───── INPUT DATA ─────

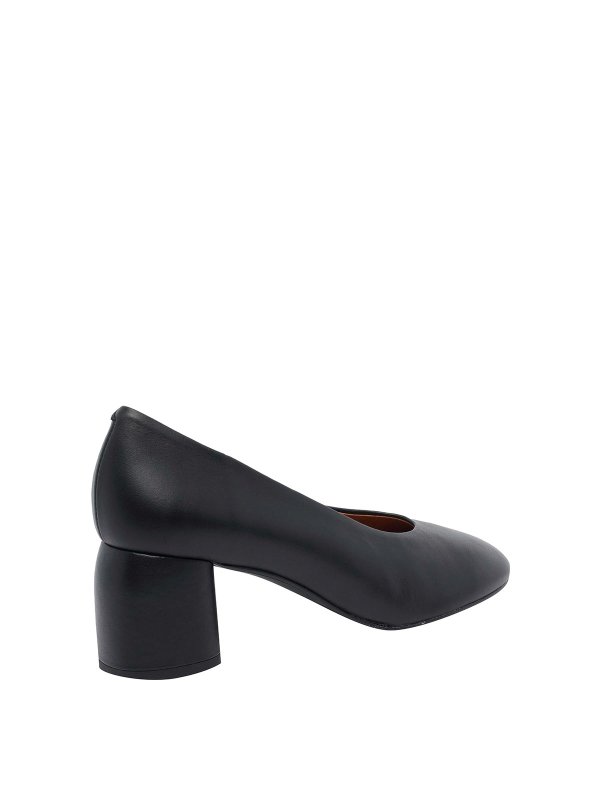 The Best Shops ANGEL ALARCON: court shoes - Black Savage Pumps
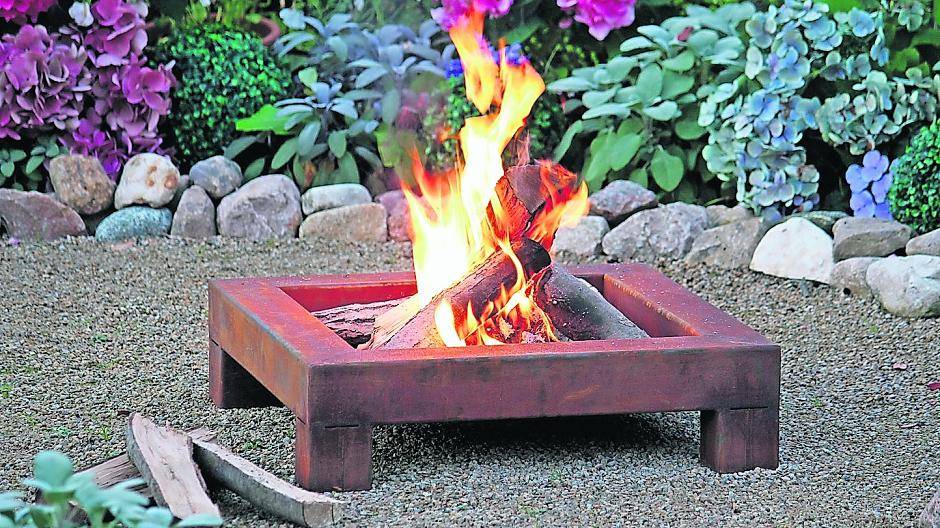 Atmosphärischer Feuerzauber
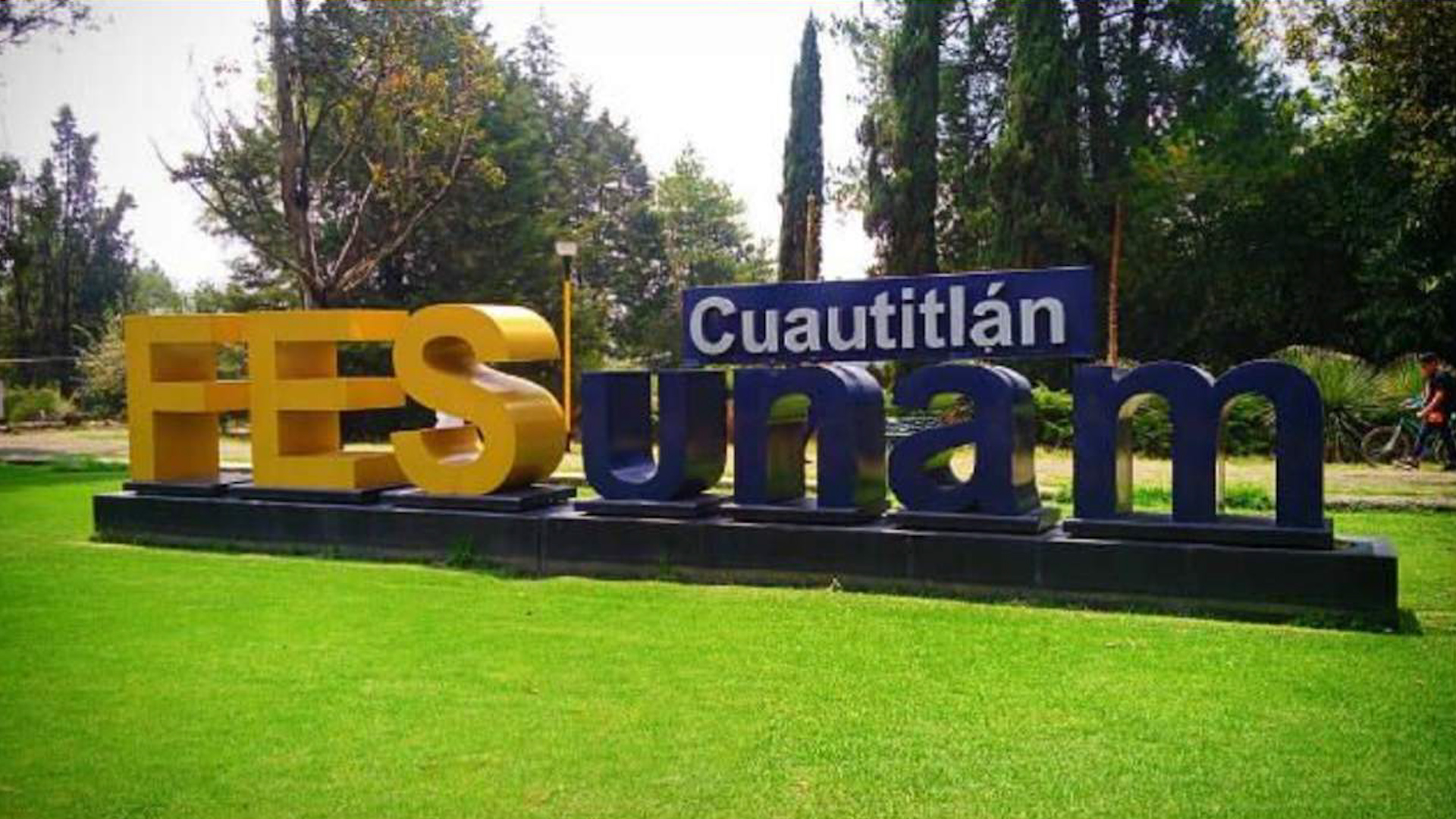 Matan a estudiante Ulises Cristóbal Castillo afuera de la FES Cuautitlán. Alumnos inician paro de 48 horas para exigir seguridad en el Estado de México.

─────

All of the data must be repeated exactly, except for the pictures.

 The Best Shops ANGEL ALARCON: court shoes - Black Savage Pumps
 Atmosphärischer Feuerzauber
 Matan a estudiante Ulises Cristóbal Castillo afuera de la FES Cuautitlán. Alumnos inician paro de 48 horas para exigir seguridad en el Estado de México.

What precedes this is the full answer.